Книга: Мысленный волк
Назад: 9
Дальше: Часть II. Даждь дождь

10

Возможность поквитаться со своим несостоявшимся литературным опекуном представилась П.М. Легкобытову зимою четырнадцатого года. Р-в проштрафился в ту пору перед общественным мнением просвещенной столицы дважды: во-первых, он написал оскорбительную для всякого порядочного человека статью, в которой призывал правительство не впускать в страну политических эмигрантов, а во-вторых, опубликовал несколько фельетонов в связи с делом Бейлиса, которые образованная русская публика немедленно прочла как антисемитские. И хотя трудно было найти во всей России человека, который больше петербургского Приапа знал и любил бы все еврейское, вплоть до особенностей женского омовения в микве, этого оказалось достаточно, чтобы смесь неприязни, раздражения и ненависти, против философа пола у мыслящих людей скопившаяся, взорвалась.

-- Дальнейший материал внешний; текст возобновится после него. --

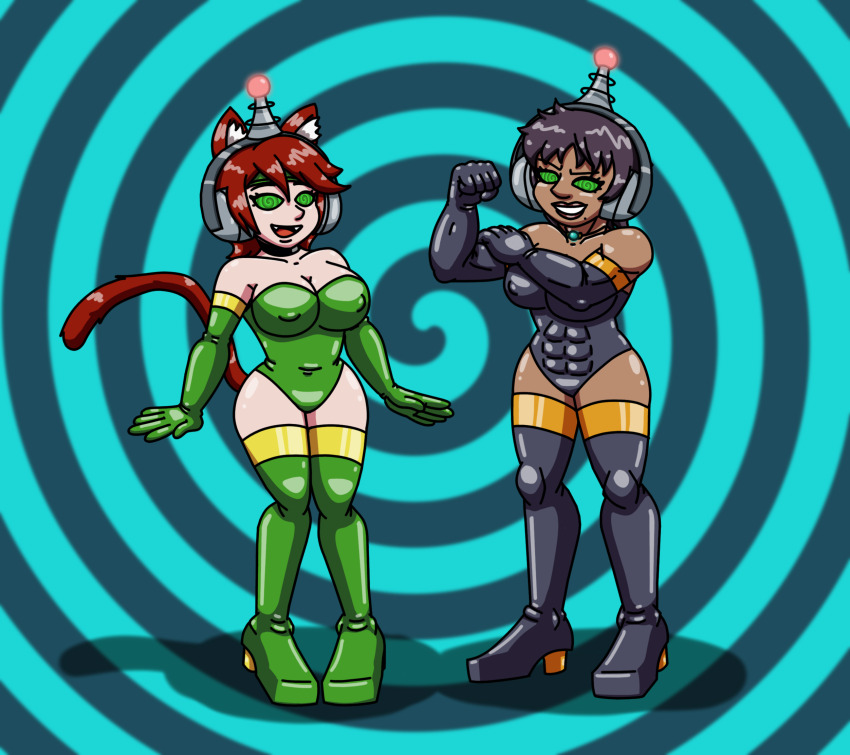 abs amber_(foolycooly) antenna black_hair brown_hair cat_ears cat_girl fembot femsub flexing green_eyes happy_trance headphones high_heels huge_breasts latex multiple_girls multiple_subs muscle_girl niamh_(foolycooly) opera_gloves original robotization short_hair smirk spiral_background spiral_eyes supertechno324 swimsuit tail tech_control thigh_boots tomboy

Ему много чего еще припомнили и не простили, и орден петербургской интеллигенции во главе со Скопцом Аттисовых тайн торжественно положил исключить Р-ва из Религиозно-философского клуба с волчьим билетом. Диссиденту направили письмо, в котором ему было благородно предложено уйти безо всякого шума и по собственному желанию.

– Нет уж, я предпочту быть исключенным, – ответил философ, по обыкновению перебирая в послеобеденный час прокуренными пальцами старинные монеты, и отцам клуба пришлось брать на себя неудобоносимое полицейское бремя.

Первый раз у них ничего не вышло, потому как не собрали кворум. Ко второму заседанию подготовились более основательно. Легкобытов на том совете присутствовал и насладился холодной, да к тому же осуществ-ленной чужими руками, местью вполне. Шумели и скандалили страшно долго, вспоминали былые заслуги Р-ва, сокрушались о его нравственном падении, лицемерили, ярились, говорили кто во что горазд, но тем не менее резолюцию под давлением председательствующего вынесли.

– Если вы не исключите его, уйду я, а со мной весь совет, – пригрозил собранию Верховный Скопец.

Худосочная жена его щурилась, прочие корифеи лорнировали публику, волновались провинциальные евреи, и Павел Матвеевич единственный голосовал против всех: благородство было охотнику паче гордости, да и на результат голосования его мнение повлиять не могло, но в одном он был уверен: Р-в о единственном честном голосе в свою защиту узнает и не сможет не догадаться, кому этот голос принадлежит. То была если и месть, то изысканная, великодушная, не то предисловие, не то послесловие к ускользавшему роману, некая точка в их противостоянии, пока что мало кому заметная, но подлежащая обнаружению позже. Павел Матвеевич вообще с некоторых пор уразумел, что конфликт между учителем и учеником имеет решение не в настоящем, но в будущем, откуда картины бытия будут выглядеть совершенно иначе, чем из их странных времен, где все смотрели на него как на какую-то нелепую фигуру, случайно забредшую в чужой дом. Он для этого будущего жил не меньше, чем для настоящего, он искал к нему подходы, устраивал засидки, прокладывал тропы, маскировался, был заботлив и аккуратен, только того не ведал умный охотник за собственным счастьем, что не до клуба философов было отвергнутому Р-ву в тот мутный год. А если бы знал, то, наверное, давно простил бы все свои обиды, устыдился бы, смирился и пошел жить и охотиться дальше, оставив учителя в покое, но не все было дано знать следопыту за пределами его леса.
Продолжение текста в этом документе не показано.